Thursday 8 April 2010

Millionaires and the rise of slut pop

If you thought Kesha's music was not exactly wholesome fare for the young girls it targets, wait until you meet The Millionaires. The Californian girl trio are making a big push for stardom this year and, judging by the lyrics of their trashy pop songs, Moms of impressionable teens might not like them.

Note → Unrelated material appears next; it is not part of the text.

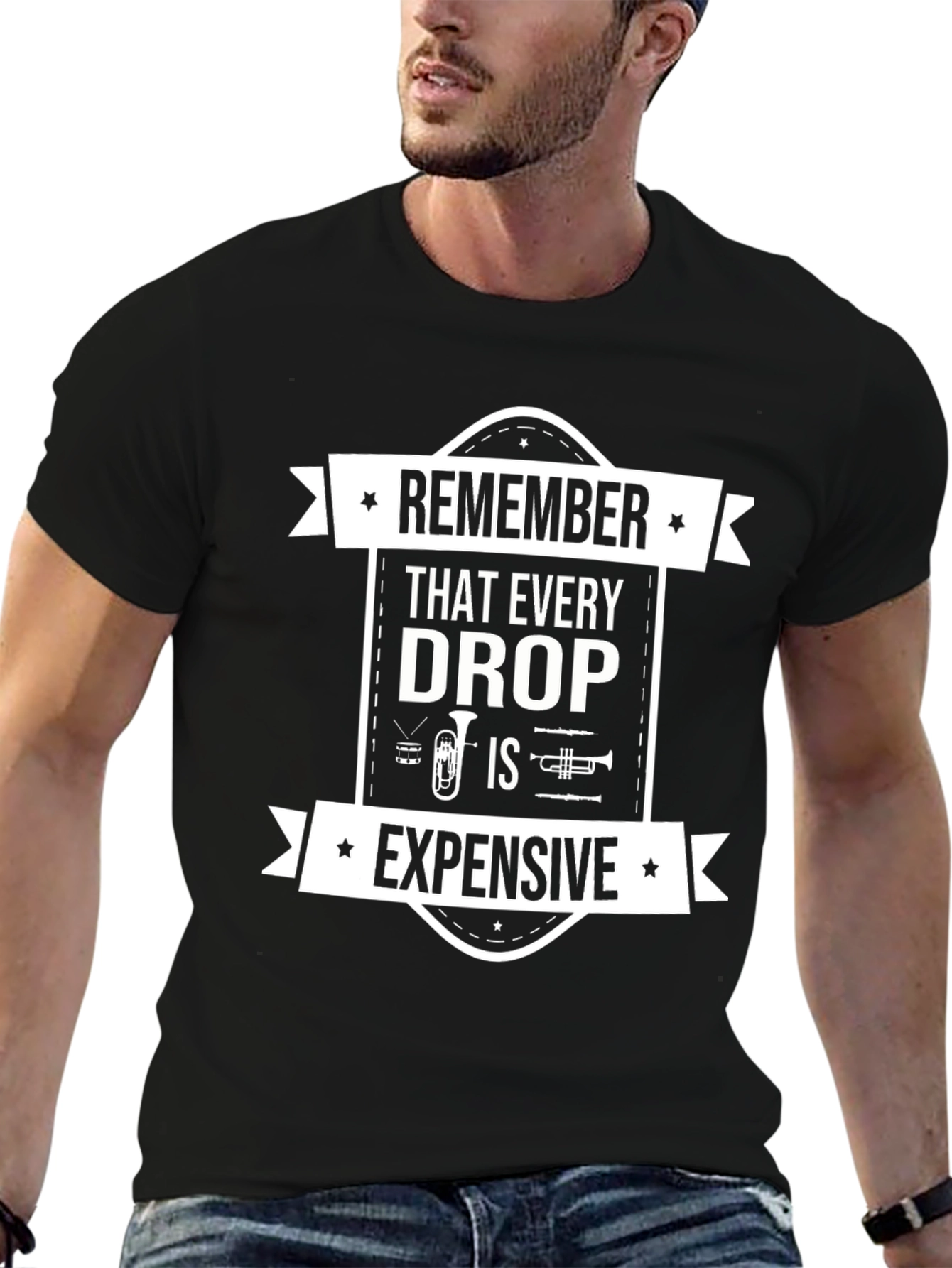 Remember Every Drop is Expensive Music T-Shirt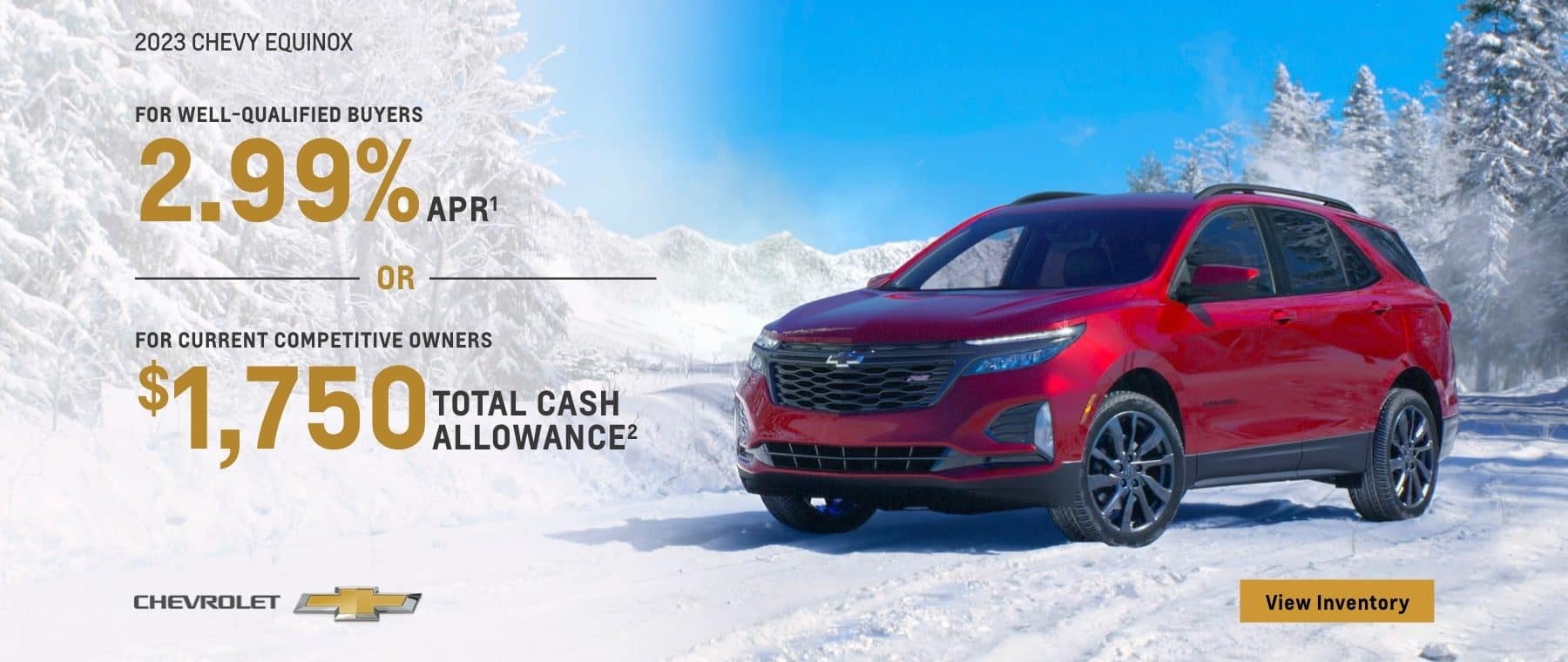 2023 Chevy Equinox. For well-qualified buyers 2.99% APR. Or, For current competitive owners $1,750 total cash allowance.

They broke through last year with their GET F$CKED UP and Just got Paid, Let's Get Laid Tours last year. 2010 sees their first major single releases "Stay The Night" and "Prom Dress". The latter begins with the words:

listen up bitches
i'm your fucking M C
I've got my mind on your goodies
I can see your WEE WEE

and it doesn't get any more highbrow with every verse and chorus on the same theme - no commitment sex. Stay the Night is more or less the same with a some drinking and rough sex thrown in. Maybe it's some kind of post-modern ironic thing but I can't see many young girls listening to lines like this getting the joke:

so if you get me drunk
my uhhh will shut you up
we'll go down
on the ground
play around

Should parents and the rest of us be worried by the likes of Kesha and The Millionaires? I don't think so. Pop has always been about sex at some level (the one that started it all off "Shake Rattle & Roll" was the Millionaires song of 1954) and songs are the least of parents' worries in any case. The songs should be just judged on how good they are as entertainment. They are OK - bright and cheery enough 5/10 - but you do get the feeling that all the sex stuff is a cynical attempt to make bubble gum pop sound edgy and rebellious.